Quando tive coragem de abrir os olhos, vi minha mãe murmurando orações com um terço e a fita no chão, pisada. O que veio a seguir, eu jamais esquecerei: a fita entrou em combustão espontânea, como se alguém tivesse despejado um galão de gasolina e riscado um fósforo. Não sei dizer o cheiro que senti, talvez fosse só o de plástico, mas lembro de ter sentido algo semelhante durante uma aula prática de química na universidade.

A partir daquele dia, meus pais deram mais atenção ao que eu dizia ouvir e ver. Fui levado a reuniões com os grupos de oração que eles conheciam, fui levado a conversas na presença com padres, pastores, benzedeiras, e participei de diversos acampamentos e encontros com outros jovens na igreja.

Hoje, 20 anos depois e afastado de todo reforço espiritual, ainda sinto resquícios da minha infância. Com o passar do tempo, fui me acostumando às vozes e às silhuetas que aparecem quando as luzes se apagavam. A presença se tornou reconfortante nos momentos de solidão, me deixando seguro como o abraço do meu pai que acabei de te contar.
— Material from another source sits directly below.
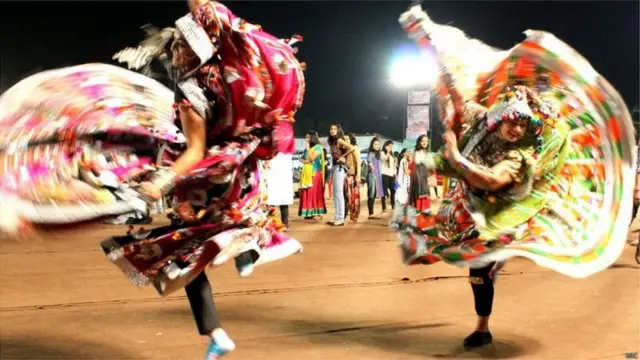 ફાલ્ગુનીએ ગીતો પોતાની શૈલીમાં ગાઈને પોતાની હળવી ઝલકથી એ ગીતોને દર્શકોના મોંમાં રમતા મૂકવાનું ખૂબ જ મુશ્કેલ કાર્ય પાર પાડ્યું છે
Eu sinto que a presença não me abandonou e nunca abandonará. Alguém sussurrou em meu ouvido antes de eu nascer: "veja o que eu vejo". E eu continuarei vendo. Muitos idosos dizem isso é Deus concedendo a pessoas, seus anjos como proteção. Outros dizem que são visitantes mal-intencionados.

Uma coisa que minha avó me contou, uma vez, é que muitos são como eu. São agraciados desde o nascimento a nunca estarem sozinhos, pois há algo sempre à espreita, esperando o momento certo para fazer o chamado. Por isso, se você se sentir sozinho, saiba que eu sei que você também pode sentir a presença, assim como estou sentindo você agora.